Fusion Power, Finally Within Reach

Energy is everything in this world. Manufacturing, research, poetry – everything relies on energy.  Not just any old energy will do, we’re spoiled. The global economy depends on a vast supply of amazingly inexpensive fuel. It’s easy to think that energy isn’t so cheap when you’re filling up your car once a week, but does anyone stop to consider the potential contained in a single gallon of gas? A semi-trailer truck can move itself plus another fifteen tons worth of brick a half-dozen miles for a cost of around three dollars. Would any rational person ever consider pushing the vehicle and its load that distance to spare the expense?  Better still, how much would you pay to avoid pushing a fully loaded semi six miles?  Hundreds?  Thousands?  And forget about rowing a cargo tanker across the ocean, you know with piracy like it is and all.

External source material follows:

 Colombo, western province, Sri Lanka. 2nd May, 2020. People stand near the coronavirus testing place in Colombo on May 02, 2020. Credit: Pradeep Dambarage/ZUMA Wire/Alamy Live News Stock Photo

Everyone knows that fossil fuels won’t last forever.  Not only are they a non-renewable resource, they are also subject to the law of supply and demand. The less of the stuff there is, the more it will cost, so humanity will abandon it long before the proverbial well runs dry. Renewable energy sources are not usually as cost-effective, and most are unable to produce power with enough consistency to fill the demand of millions of users at once.  For years I’ve heard that hydrogen is the next step. I would argue that hydrogen technology makes a nice portable fuel cell, but the amount of energy needed to electrolyze all of that water in order to extract the hydrogen is immense. This means that while it might soon replace the gas in your car, it won’t be a substitute for the fossil fuels that drive your local power plant in the near future. Nuclear fission is out. After the Three Mile Island incident and two decades of The Simpsons, the constituencies of politicians across the country made clear their loss of appetite for living in the figurative (and occasionally literal) shadow of nuclear cooling towers.  As a result of the Three Mile Island event, no new fission power plant construction was approved for development in the US. We don’t like nuclear power so much, we’ve had at least one two-term president (amongst others) who couldn’t be bothered to pronounce the word properly. But all of that was back in the days of fission.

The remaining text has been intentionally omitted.